The Monaco Yacht Show 2015 is taking place towards the end of September which pretty much signals the end of the Mediterranean season and the beginning of the shipyard and Caribbean season. Charter vessels all of sizes, builds, styles and ages were busier than ever this summer and last minute clients were struggling to find any available yachts; Stamina was the key quality required for the 2015 crew, especially for the newcomers to the industry; 2015 was not the season for the faint hearted!
Yet, many yachts and captains were having to struggle with junior crew, Millennial crew, the 'Y' generation, many of whom have been described as lazy, selfish, self-centred, money orientated and prone to job hop with no consideration for the team, the yacht schedule and its owners and guests. "It's not for me, I want to go now'", "It's my friend's wedding on the 5th August, I don't want to miss it; I'm off"…
"The trophy kid' syndrome, as presented by Ron Alsop in his book "The Trophy Kids grow up". You know, children who have been rewarded by their parents for minimal accomplishments and have unrealistic or delusional expectations of working life. It is en vogue to criticise this generation and many captains find this new crew unprepared to work on yachts and difficult to manage.
The Generation Y is a larger group than the baby boomers and their children, the Generation X (that's you if you can remember where you were when Kurt Cobain died) and, like them or not, they are the future of yachting. In fact, the US Bureau of Statistics shows that by 2015, 'Millennials' became the workforce new majority.
It's a remarkably talented generation. Millennials have passion, are very sporty and have a broad range of interests. They love travelling and want to get "there' fast! It's also a complex generation with contradictory characteristics and a different concept of authority; understanding them will help to recruit and retain them on your yacht. Millennials have grown up with technology at their fingertips, they communicate quickly and request fast internet access on yachts, and why wouldn't they?
Many can't even remember the world before PCs. They have a lack of sense of discretion on social media and are not willing to sacrifice their network of friends for a job. They want freedom and flexibility. Ah, I forgot to mention it above, this generation is also called The 'Me' Generation…

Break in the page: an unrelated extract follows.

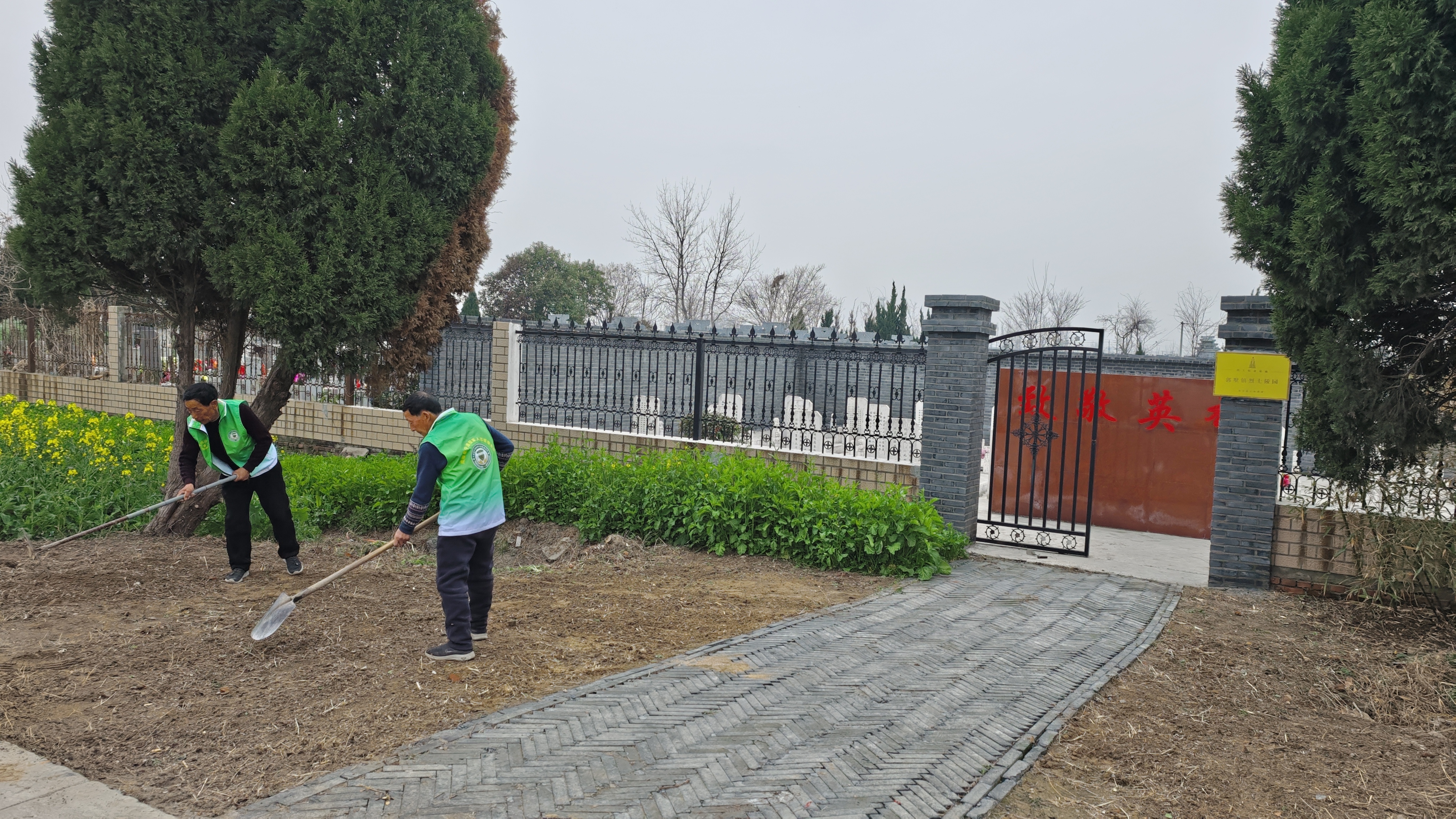 守护英烈荣光 赓续红色血脉丨阜宁高新区开展烈士纪念设施清扫管护活动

Of course, some comments above are stereotypes; trying to define a generation is often a futile exercise, but nevertheless, adjusting your style of management might just make the difference between keeping or losing your new crew and having to start building it up all over again. Millennials have been told by their parents that their opinion matters, that they should speak up and question things so you might hit a brick wall with a 'command and order' management style; a more inclusive philosophy will get you more results; I know, easier said than done on a yacht where it's 24/7. Over to you to demonstrate that processes are in place for a reason, because they work and that old ways can be the best way.
The other important point is training and development; the new crew coming on the market has a low boredom threshold and they want to acquire new skills and certificates quickly. Employers and yachts who assist with courses and career progression will strike a chord with these newcomers as it demonstrates that as an employer, you have an interest in their success which in turn, will make them want to give you more in return.

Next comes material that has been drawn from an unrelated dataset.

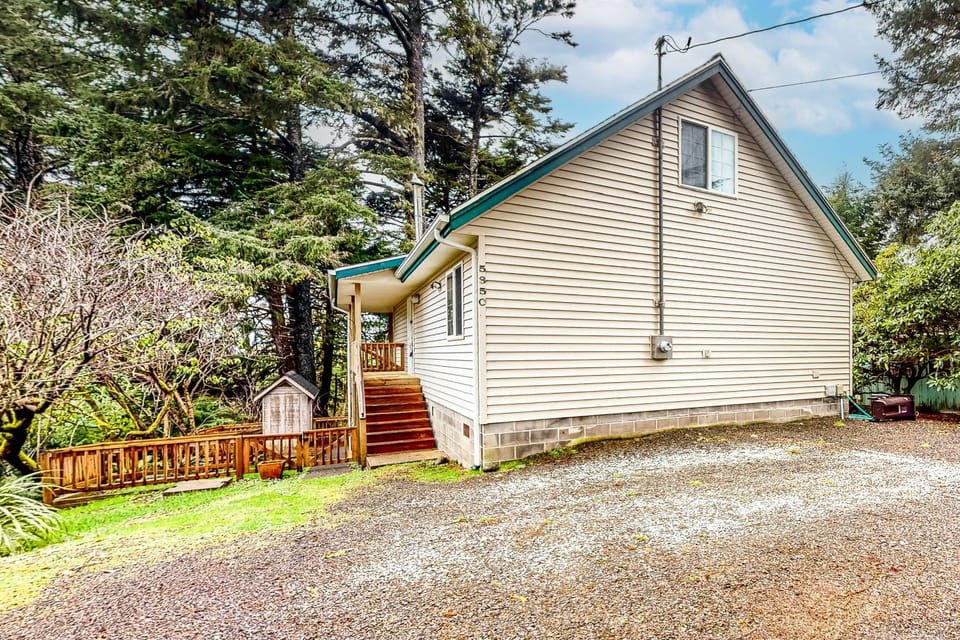 Treehouse by the Sea House in Cape Meares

Recruiters and employers have to be clear and ensure crew understand fully what the collective goal is, explain that yachting can be, and often is, tough with long hours, hard physical work but that just rewards and promotion are available for those able to keep the pace. This message should be sounded loud and clear at the interviewing stage so that all parties know where they stand. Millennials are looking for a well-balanced working environment, they want to work with friends and in many ways, yachting with its strong communities is a great place for Millennials to be.